Today’s topic of discussion is Credibility and Misinformation online.
Mitra, Tanushree et al. (2017) – “A Parsimonious Language Model of Social Media Credibility Across Disparate Events”- CSCW 2017 (126-145).
Summary
The paper mainly focuses on establishing the credibility of news across social media. The authors identified 15 theoretically grounded linguistic assumptions and took help of the CREDBANK corpus to construct a model that would map language to the perceived levels of credibility. Credibility has been broadly described as believability, trust and reliability along with other related topics. However, the term credibility has been termed as both subjective or objective depending on the area of expertise of the researcher. A CREDBANK [1] was constructed which is essentially a corpus of tweets, topics, events and associated human credibility judgements. The corpus has credibility annotations on a 5-point scale (-2 to +2). The paper dealt with the perceived credibility (annotations based as “Certainly Accurate”) of the reported twitter news of a particular event. Proportions of annotations (Pca = “Certainly Accurate” ratings of event / Total rating for that event) was calculated. An event was rated as “Certainly Accurate” if its Pca belonged to the “Perfect Credibility class” (0.9≤ Pca ≤1). All events were given a credibility class of Low to Perfect (rank as Low ≤ Medium ≤ High ≤ Perfect).
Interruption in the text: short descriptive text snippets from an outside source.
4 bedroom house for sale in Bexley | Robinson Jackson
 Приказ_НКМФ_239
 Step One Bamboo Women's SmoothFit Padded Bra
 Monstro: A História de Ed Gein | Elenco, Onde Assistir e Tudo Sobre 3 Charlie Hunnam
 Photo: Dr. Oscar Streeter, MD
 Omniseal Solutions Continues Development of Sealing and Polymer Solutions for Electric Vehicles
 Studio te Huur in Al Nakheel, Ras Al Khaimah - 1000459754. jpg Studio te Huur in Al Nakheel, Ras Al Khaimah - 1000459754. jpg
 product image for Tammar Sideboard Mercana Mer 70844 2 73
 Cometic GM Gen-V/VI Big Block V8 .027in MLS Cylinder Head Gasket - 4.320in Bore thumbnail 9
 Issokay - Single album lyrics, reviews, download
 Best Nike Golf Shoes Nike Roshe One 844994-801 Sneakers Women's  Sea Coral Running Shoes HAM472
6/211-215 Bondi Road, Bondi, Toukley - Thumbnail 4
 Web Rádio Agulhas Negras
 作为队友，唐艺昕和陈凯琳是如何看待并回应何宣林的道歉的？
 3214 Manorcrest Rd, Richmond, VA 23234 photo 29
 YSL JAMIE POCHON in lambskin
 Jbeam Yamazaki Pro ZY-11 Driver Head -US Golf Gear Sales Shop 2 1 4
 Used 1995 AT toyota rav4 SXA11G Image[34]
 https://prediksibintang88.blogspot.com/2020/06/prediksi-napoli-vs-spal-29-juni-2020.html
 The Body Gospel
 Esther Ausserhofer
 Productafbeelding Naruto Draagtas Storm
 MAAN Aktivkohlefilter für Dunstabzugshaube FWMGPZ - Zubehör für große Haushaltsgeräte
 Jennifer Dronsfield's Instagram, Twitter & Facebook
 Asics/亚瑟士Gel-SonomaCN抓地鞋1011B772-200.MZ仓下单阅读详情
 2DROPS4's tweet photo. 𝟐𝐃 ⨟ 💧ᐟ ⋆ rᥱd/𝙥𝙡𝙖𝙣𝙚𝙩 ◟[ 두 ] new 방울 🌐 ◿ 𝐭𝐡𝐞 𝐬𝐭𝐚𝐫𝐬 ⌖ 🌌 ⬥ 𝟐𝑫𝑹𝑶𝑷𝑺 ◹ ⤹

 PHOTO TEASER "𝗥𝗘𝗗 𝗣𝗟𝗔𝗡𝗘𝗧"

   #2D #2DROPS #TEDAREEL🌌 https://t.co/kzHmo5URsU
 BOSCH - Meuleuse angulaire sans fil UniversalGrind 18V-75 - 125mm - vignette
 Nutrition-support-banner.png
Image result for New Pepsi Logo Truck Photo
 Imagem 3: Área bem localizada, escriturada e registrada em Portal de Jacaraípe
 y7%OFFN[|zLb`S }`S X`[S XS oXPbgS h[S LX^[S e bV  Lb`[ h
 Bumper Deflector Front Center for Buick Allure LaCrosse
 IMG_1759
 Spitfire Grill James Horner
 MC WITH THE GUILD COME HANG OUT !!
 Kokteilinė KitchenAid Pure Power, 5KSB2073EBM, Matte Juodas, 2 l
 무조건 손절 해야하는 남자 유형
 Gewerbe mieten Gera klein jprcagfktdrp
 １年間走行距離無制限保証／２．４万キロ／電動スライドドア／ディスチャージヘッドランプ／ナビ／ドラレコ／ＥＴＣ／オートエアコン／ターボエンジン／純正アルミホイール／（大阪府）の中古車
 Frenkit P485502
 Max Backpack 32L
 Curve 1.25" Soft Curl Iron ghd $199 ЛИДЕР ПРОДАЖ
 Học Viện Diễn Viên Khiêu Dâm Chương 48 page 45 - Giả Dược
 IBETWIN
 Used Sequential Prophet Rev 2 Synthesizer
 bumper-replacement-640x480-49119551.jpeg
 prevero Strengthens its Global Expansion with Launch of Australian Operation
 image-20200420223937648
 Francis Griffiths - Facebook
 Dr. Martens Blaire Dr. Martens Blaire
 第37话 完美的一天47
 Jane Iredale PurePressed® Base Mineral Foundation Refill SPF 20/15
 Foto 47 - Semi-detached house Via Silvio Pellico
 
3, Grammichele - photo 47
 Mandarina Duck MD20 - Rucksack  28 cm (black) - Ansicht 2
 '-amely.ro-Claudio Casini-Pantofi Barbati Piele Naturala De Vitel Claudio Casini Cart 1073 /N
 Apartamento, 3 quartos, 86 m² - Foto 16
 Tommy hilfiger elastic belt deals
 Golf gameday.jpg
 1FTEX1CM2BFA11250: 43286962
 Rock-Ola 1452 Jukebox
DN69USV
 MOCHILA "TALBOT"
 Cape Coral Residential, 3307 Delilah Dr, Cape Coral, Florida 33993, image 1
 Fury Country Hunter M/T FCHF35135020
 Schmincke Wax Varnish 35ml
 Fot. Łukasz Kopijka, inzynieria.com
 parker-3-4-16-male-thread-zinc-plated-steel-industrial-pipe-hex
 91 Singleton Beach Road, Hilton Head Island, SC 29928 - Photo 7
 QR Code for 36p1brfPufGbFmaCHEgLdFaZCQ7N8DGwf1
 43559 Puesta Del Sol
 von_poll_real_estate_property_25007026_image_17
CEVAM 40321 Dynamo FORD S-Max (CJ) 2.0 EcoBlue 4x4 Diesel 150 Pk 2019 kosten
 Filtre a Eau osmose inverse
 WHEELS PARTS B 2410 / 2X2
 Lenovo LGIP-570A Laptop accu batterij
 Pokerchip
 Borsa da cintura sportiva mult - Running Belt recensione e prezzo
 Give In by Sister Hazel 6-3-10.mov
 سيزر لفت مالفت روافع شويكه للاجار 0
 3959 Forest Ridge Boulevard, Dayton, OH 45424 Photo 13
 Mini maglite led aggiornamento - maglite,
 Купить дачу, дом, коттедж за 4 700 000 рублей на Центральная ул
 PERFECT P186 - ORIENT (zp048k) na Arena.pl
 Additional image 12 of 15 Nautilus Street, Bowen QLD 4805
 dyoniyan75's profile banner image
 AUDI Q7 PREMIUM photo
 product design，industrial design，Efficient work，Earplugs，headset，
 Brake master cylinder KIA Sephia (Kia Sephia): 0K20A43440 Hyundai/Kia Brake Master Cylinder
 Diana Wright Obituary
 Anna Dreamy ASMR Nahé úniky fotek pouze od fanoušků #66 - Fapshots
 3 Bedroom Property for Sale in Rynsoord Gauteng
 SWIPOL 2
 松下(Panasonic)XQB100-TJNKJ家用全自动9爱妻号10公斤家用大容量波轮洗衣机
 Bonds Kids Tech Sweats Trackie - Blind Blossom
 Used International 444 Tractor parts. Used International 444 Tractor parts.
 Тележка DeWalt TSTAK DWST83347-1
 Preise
The linguistic assumptions were considered as the potential predictors of perceived credibility. The potential credibility markers were namely, Modality, Subjectivity, Hedges, Evidentiality, Negations, Exclusions and Conjugations, Anxiety, Positive and negative emotions, Boosters and Capitalization, Quotation, Questions and Hashtags. Nine variables were used as controls namely, Number, average length and number of words in original tweets, retweets and replies. The regression technique used an alpha (=1) parameter to determine the distribution of weight amongst the variables. It was found out that retweets and replies with longer message lengths were associated with higher credibility scores whereas, higher number of retweets were correlated with lower credibility scores.
Reflection
It has become increasingly common for people to experience news through social media and with this comes the problem of the authenticity of that news. The paper dealt with few credibility markers which assessed the credibility of the particular post. It spoke about the variety of words used in the post and how they are perceived to be.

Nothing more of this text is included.